Web page caption snippets:

○ ○ ○ ○ ○

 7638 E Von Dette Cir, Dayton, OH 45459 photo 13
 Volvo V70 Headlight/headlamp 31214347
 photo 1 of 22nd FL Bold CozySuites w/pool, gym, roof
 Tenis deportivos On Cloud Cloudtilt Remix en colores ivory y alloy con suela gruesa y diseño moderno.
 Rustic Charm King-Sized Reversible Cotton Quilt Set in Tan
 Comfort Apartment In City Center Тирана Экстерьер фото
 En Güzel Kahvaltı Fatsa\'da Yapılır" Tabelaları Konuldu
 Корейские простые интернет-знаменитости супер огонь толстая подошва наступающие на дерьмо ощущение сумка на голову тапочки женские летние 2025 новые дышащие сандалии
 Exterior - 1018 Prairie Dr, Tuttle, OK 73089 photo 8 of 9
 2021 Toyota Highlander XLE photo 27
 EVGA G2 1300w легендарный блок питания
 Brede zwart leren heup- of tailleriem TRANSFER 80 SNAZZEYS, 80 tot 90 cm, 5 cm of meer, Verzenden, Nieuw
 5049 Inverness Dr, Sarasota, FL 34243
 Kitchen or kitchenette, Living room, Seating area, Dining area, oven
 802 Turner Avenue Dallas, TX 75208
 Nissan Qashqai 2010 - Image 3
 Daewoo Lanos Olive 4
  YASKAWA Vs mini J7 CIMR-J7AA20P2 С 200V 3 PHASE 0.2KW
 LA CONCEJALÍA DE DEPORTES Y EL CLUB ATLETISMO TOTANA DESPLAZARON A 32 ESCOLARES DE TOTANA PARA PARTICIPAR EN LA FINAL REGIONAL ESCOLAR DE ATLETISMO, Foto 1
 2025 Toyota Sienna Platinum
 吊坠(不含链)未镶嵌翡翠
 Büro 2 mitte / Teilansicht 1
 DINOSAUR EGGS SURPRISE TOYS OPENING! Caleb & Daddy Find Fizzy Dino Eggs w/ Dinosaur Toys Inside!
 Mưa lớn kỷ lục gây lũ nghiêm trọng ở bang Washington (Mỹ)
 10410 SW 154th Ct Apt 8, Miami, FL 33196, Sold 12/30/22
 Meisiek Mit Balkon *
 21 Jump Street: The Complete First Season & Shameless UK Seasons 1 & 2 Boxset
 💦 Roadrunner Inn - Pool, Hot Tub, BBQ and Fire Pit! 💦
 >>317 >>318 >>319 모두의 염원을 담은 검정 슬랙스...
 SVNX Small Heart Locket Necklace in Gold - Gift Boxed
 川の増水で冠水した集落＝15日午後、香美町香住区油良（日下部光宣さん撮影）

○ ○ ○ ○ ○

Exercise – Say how many lines above include "Toyota", please, and nothing else.

Result of this task – 2